◆ Work to be completed
Only the pictures are dropped; the lines of the material that follow are returned exactly.

---------- Recorded information ----------

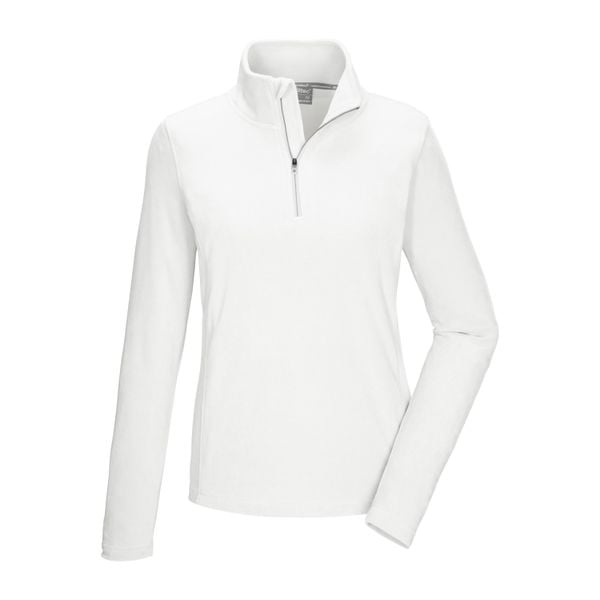Bluza polarowa damska Killtec KSW 101 WMN FLC SHRT. Białe bluzy damskie Killtec, bez wzorów, z materiału, bez kaptura. Za 159.99 zł.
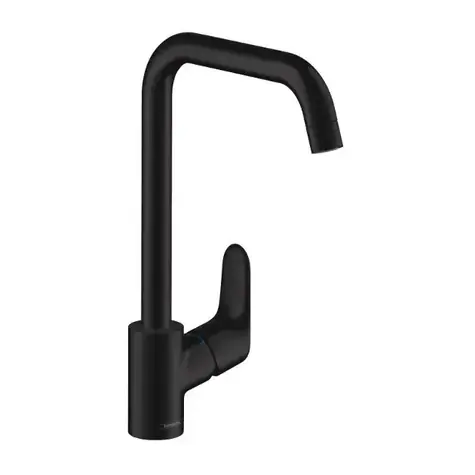 Hansgrohe Focus M41 - Dřezová baterie matná černá 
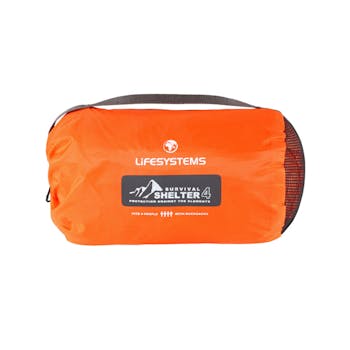 A four person survival shelter from Lifesystems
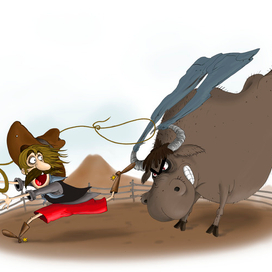 Ковбой неудачник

----------

◆ Output for this task
Bluza polarowa damska Killtec KSW 101 WMN FLC SHRT. Białe bluzy damskie Killtec, bez wzorów, z materiału, bez kaptura. Za 159.99 zł.
 Hansgrohe Focus M41 - Dřezová baterie matná černá 
 A four person survival shelter from Lifesystems
 Ковбой неудачник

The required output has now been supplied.